In the book Now Write! Katherine A. Vaz proposes what she calls a “Tabula Rasa Experiment”:

Spend an entire twenty-four hours (a whole weekend if you can) in “silence” and “waiting upon.” Don’t read, don’t watch TV, don’t flip through magazines. Don’t clutter your brain. Avoid busywork. Some people are seized with a manic desire to clean their house, straighten their files, or cook rather than be alone with their minds and hearts. Note what your impulse is to do, and return to a sense of calm and quiet and inaction. You don’t have to take a vow of perfect silence or lie in a darkened room. Go ahead an chat with your roommate. Maybe listen to some music. Don’t nap. This is wakefulness. Go for a walk or a swim, but don’t make this an excuse to run errands or go sightseeing or shopping.

Although you should refrain from plotting or writing, jot notes on what comes up for you. Images, memories, odd bits of speech, curious abstractions. See what wells up: pictures and sounds, or notes dictating measures to you of a music that’s purely your own.

I shared this passage with my students, and we all agreed that the proposition was completely terrifying. Which — as my 21 year old self would remind me — means it’s something I should probably at least try. And if 24 hours or a whole weekend is too much to spend dreaming and moodling, then at least I can make an effort to make more time in my day for mindfulness. To unplug more often, on purpose. To spend an hour lying in the hammock, watching the clouds. To lie quiet, without reading, in bed before falling asleep. To sit in that cafe alone, without pulling out my phone, and idly eavesdrop before pulling out my journal to write.

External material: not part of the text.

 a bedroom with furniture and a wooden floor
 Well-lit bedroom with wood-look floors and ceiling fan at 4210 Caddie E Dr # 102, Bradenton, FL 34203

I’ll re-teach myself how to be quiet, and how to listen to myself. I’ll relearn how to be alone.

9 Replies to “Deb Molly Has Forgotten How to Be Alone”

  1. I totally get where you’re coming from, Molly. I’m am not a journaller, but I do need that quiet of walking or laying in the bath to let my subconscious percolate. This relates a lot to Erika’s post from yesterday about stepping away to give your brain space to fill in the gaps.

    1. We talk a lot about BIC and sitting down every day to do the work, but the imagining time is important too! I just have to be honest with myself about what’s actually “imagining time” — shopping on etsy.com? not so much.

  2. I love this post. I think this is why my best ideas come to me while I’m in the shower. Lord help me if they ever invent a waterproof iphone case… And if it already exists, please please don’t send me a link!!!

  3. Molly, this is spot on. I think about this, worry about this, all the time. And having a baby has made me consider the problem with a new sense of urgency. When I’m with her, I want to be WITH her. When I’m writing, I want to be writing. We’ve lost the ability to do one thing at a time.

  4. I miss being quiet so very much. I used to walk around our farm in summer just *noticing* things as a kid, or sitting on the couch and stare out the window in the winter. I used to sit in the car while my parents drove and look out and think about things. I miss it and I don’t even know how one gets back to that, in a world like the one in which I currently live. A sad thing, I guess.